# DIY Double Aquarium Stand Advice



## TroyVSC (Aug 29, 2012)

Without going into a long story. My MTS has made me get a 80g tank. I do not have room for a 40g and 80g and I am not willing to tear down one for the other. I came up with this idea to build a double aquarium stand. Both are freshwater and both tanks have rims which mean all their wait will be on the edges. The final location for the stand is my garage and I will secure it to the wall thanks to advice given in this thread.

The stand will be located directly on the slab so total weight is not a problem. Have some time before I start construction. I built a 40b stand using the same general template and it came out great.
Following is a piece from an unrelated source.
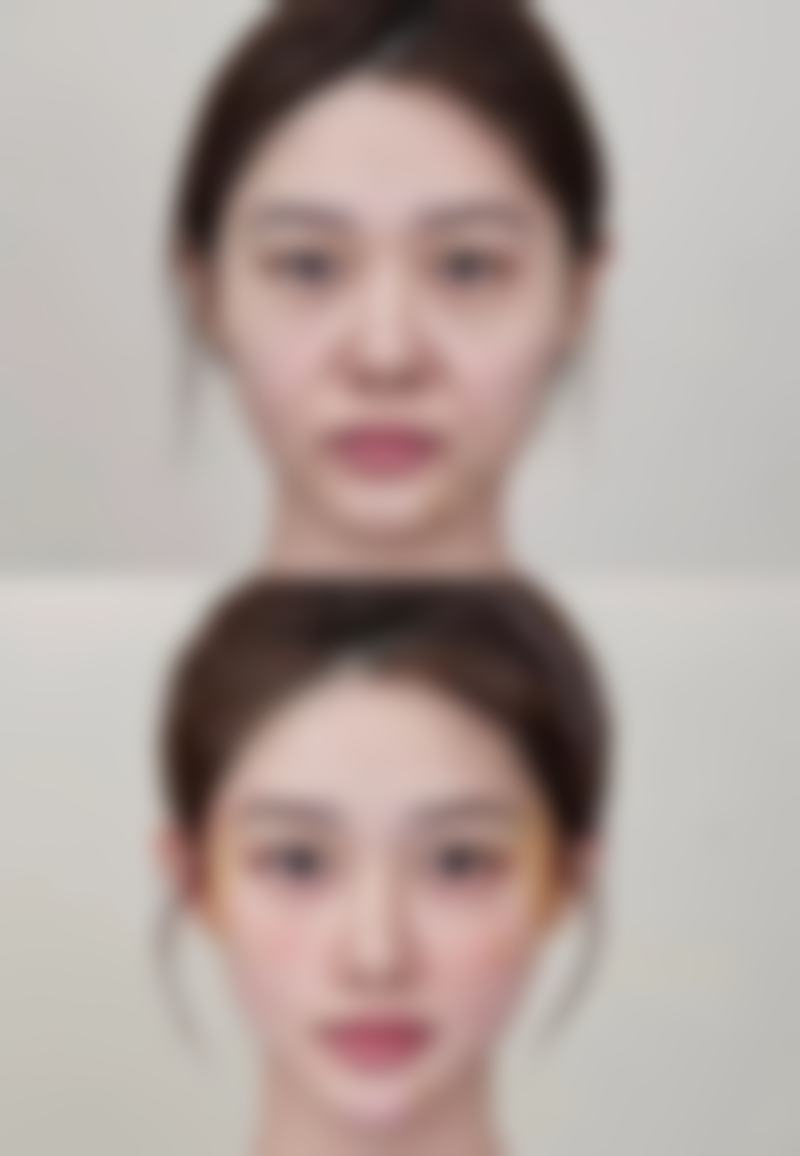 整形后的护理与注意事项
I used Sketchup to design this stand.

I would like feedback to the total design, flaws and improvements that can be made.

Also I already have a Fluval 306 (plan to place on the open area next to the sump and want to make a DIY sump for the 80g Any advice or feedback on how to go about the filtration system is welcome. The sump is to try not to spend $300 on a couple canister filters or an FX5. That and it's highly customizable.

Thanks,
Troy


----------



## Tolak (Mar 10, 2013)

Assuming 2x4 construction by the looks of it, I'd go with a 2x6 or doubled up 2x4 for the long 4' span front & back under the 80. I have a pair of 20's over a 55 for one of my racks, 2x4 construction. The 55 has a center leg beneath it, the long 4' span with the pair of 20's has about a 1/4" dip going on towards the middle.


----------



## Botiadancer (Dec 30, 2013)

Seems kind of top heavy. Maybe trade places - 40 & 80. Or widen the base to give it more stability at ground level.

Agree with Tolak, use a 2x6 or double up. Or crossbracing.

Do you need the sump? Is this Fresh or Salt?


----------



## TroyVSC (Aug 29, 2012)

Botiadancer said:


> Seems kind of top heavy. Maybe trade places - 40 & 80. Or widen the base to give it more stability at ground level.
> 
> Agree with Tolak, use a 2x6 or double up. Or crossbracing.
> 
> Do you need the sump? Is this Fresh or Salt?


Both the 40 and 80 are for freshwater.

The sump is for not having to spend 300 on a couple of canister filters or an fx5 and it is a lot more customizable.

It will be top heavy but if you just had the tank on a stand it would be still the same amount of width and weight the only difference is the height of an extra foot. My current 40b stand is 36 high and easily could have made it 40" high.


----------



## TroyVSC (Aug 29, 2012)

Tolak said:


> Assuming 2x4 construction by the looks of it, I'd go with a 2x6 or doubled up 2x4 for the long 4' span front & back under the 80. I have a pair of 20's over a 55 for one of my racks, 2x4 construction. The 55 has a center leg beneath it, the long 4' span with the pair of 20's has about a 1/4" dip going on towards the middle.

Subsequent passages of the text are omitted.